Short web captions:
++++++
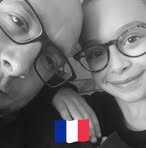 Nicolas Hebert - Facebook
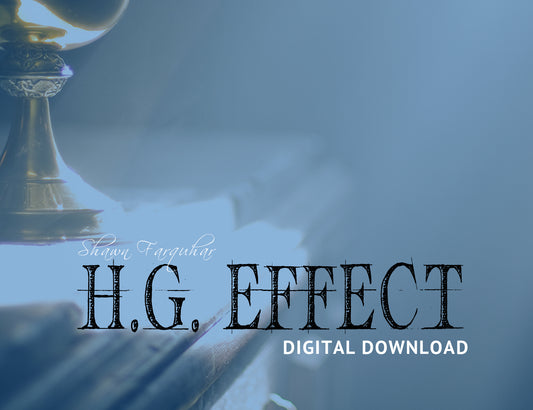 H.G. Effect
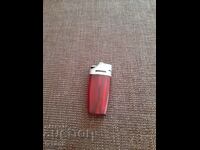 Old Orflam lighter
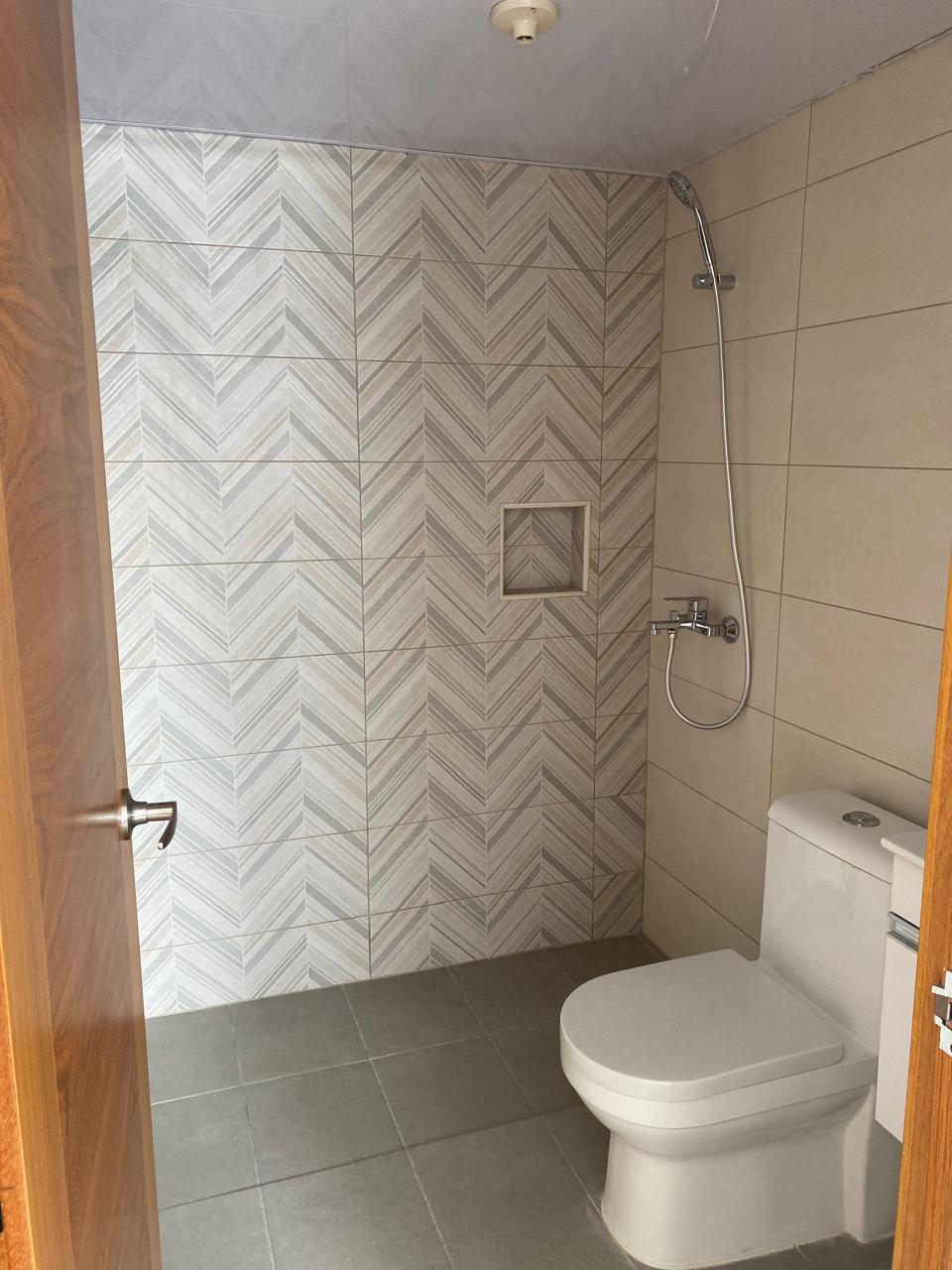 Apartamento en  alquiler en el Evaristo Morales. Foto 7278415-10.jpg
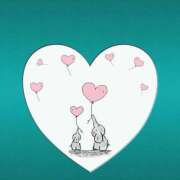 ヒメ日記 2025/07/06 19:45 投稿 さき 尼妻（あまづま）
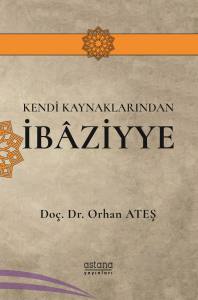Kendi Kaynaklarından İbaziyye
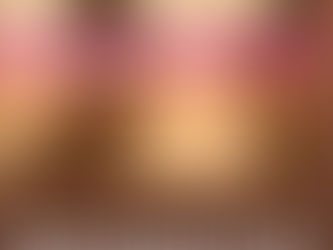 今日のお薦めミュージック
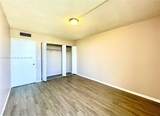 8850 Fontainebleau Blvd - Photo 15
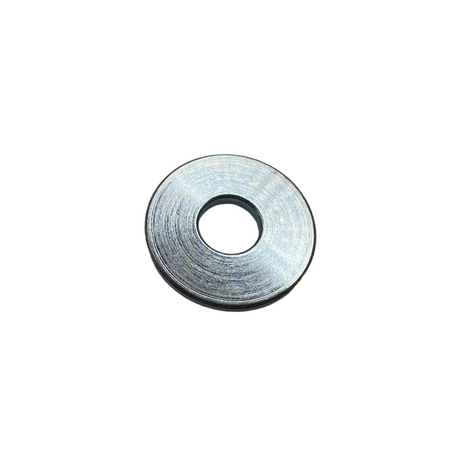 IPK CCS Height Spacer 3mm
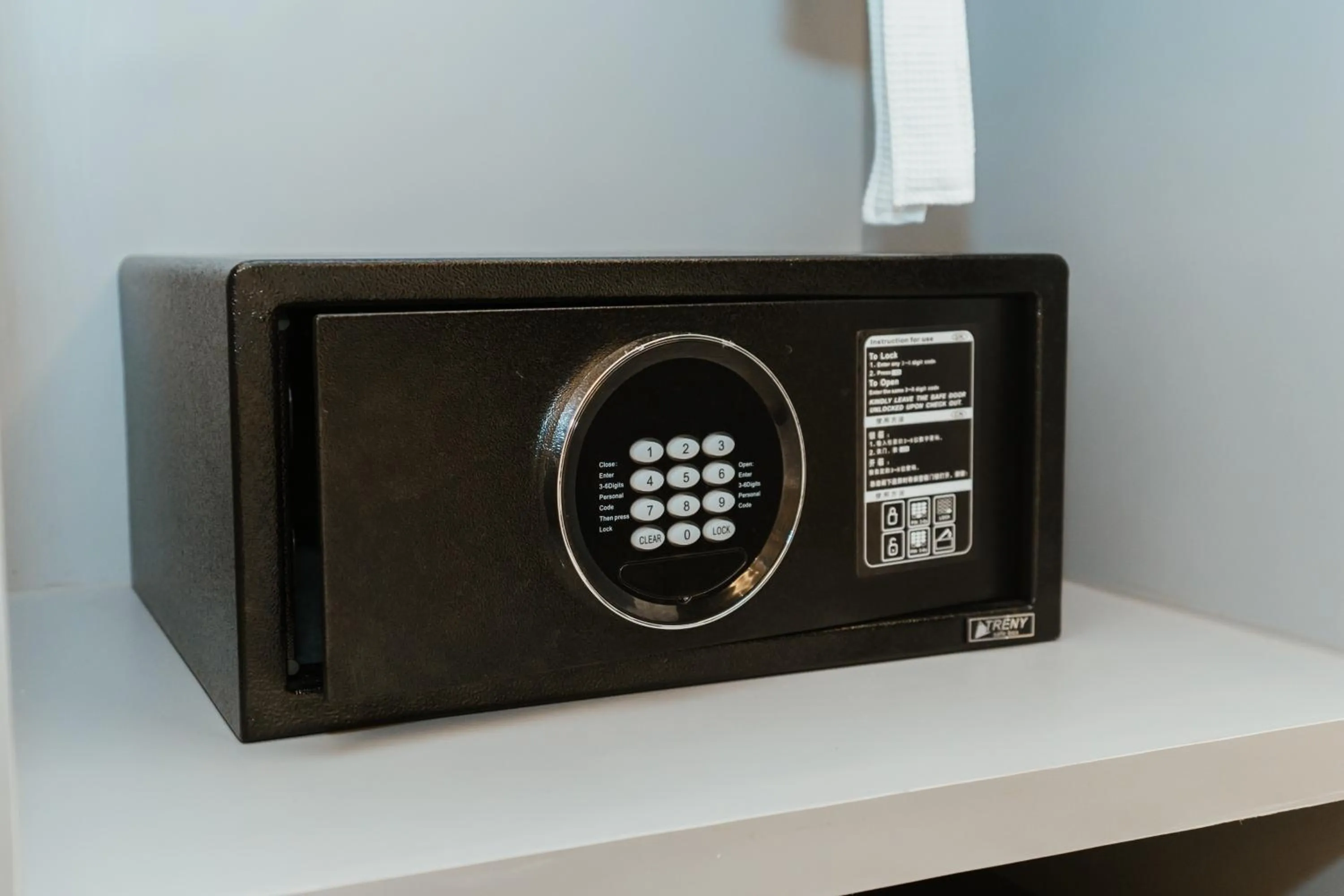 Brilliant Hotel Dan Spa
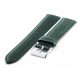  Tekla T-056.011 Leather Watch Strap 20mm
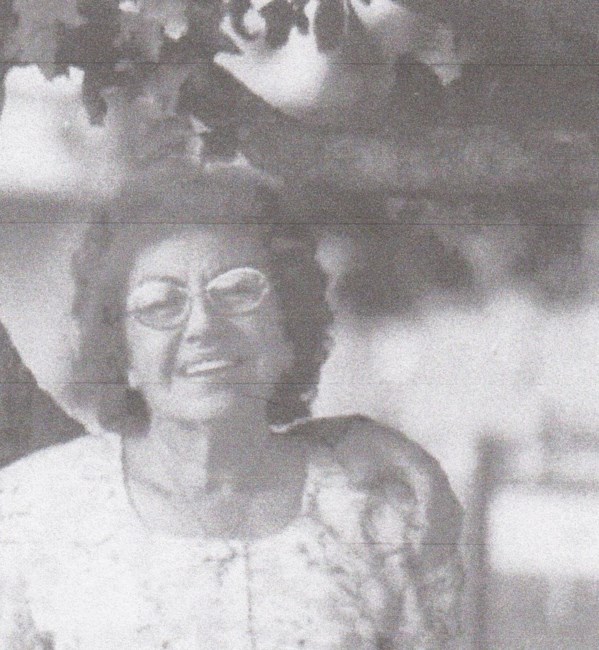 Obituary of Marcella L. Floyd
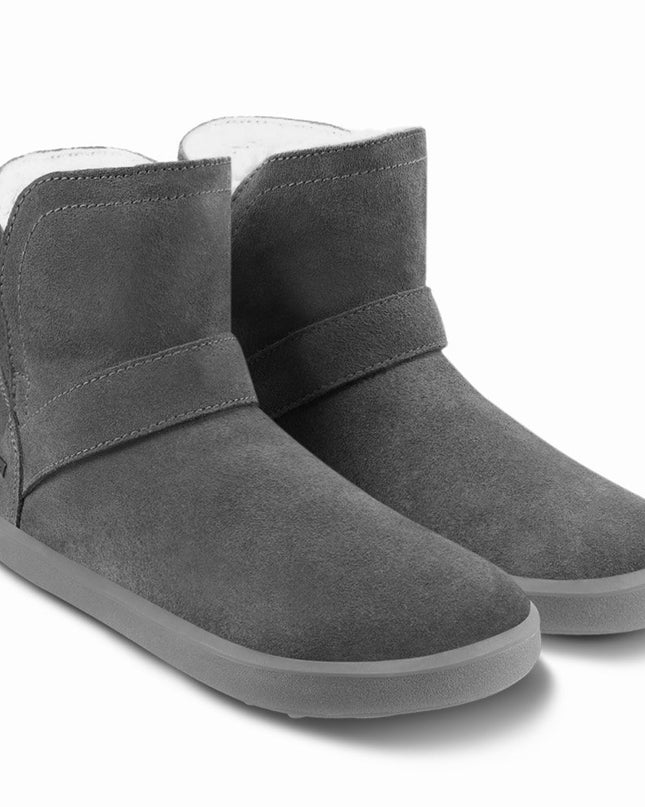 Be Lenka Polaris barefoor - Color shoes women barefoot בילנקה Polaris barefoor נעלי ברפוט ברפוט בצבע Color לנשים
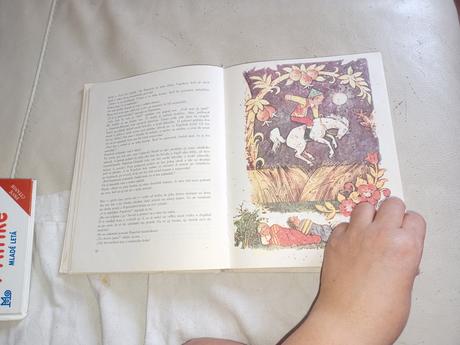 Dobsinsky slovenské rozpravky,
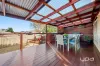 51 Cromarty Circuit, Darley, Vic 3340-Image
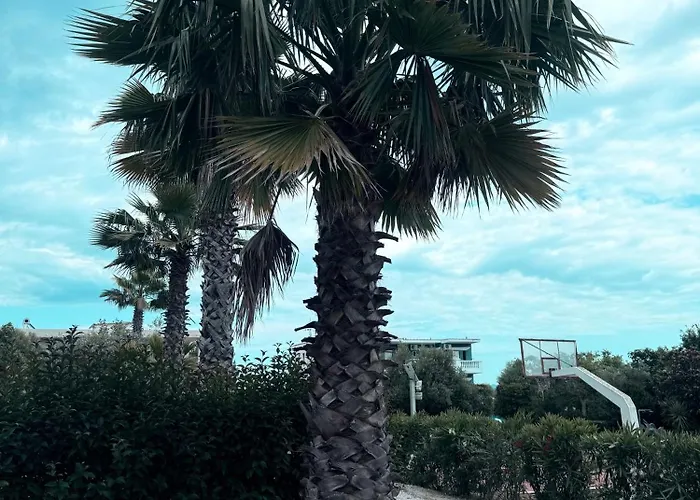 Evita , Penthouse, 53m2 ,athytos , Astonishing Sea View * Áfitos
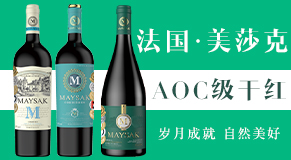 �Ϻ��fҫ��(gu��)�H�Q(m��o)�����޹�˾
++++++
What the exercise asks:
Restate the data word for word and exclude every picture.

Written answer:
 Nicolas Hebert - Facebook
 H.G. Effect
 Old Orflam lighter
 Apartamento en  alquiler en el Evaristo Morales. Foto 7278415-10.jpg
 ヒメ日記 2025/07/06 19:45 投稿 さき 尼妻（あまづま）
Kendi Kaynaklarından İbaziyye
 今日のお薦めミュージック
 8850 Fontainebleau Blvd - Photo 15
 IPK CCS Height Spacer 3mm
 Brilliant Hotel Dan Spa
  Tekla T-056.011 Leather Watch Strap 20mm
 Obituary of Marcella L. Floyd
 Be Lenka Polaris barefoor - Color shoes women barefoot בילנקה Polaris barefoor נעלי ברפוט ברפוט בצבע Color לנשים
 Dobsinsky slovenské rozpravky,
 51 Cromarty Circuit, Darley, Vic 3340-Image
 Evita , Penthouse, 53m2 ,athytos , Astonishing Sea View * Áfitos
 �Ϻ��fҫ��(gu��)�H�Q(m��o)�����޹�˾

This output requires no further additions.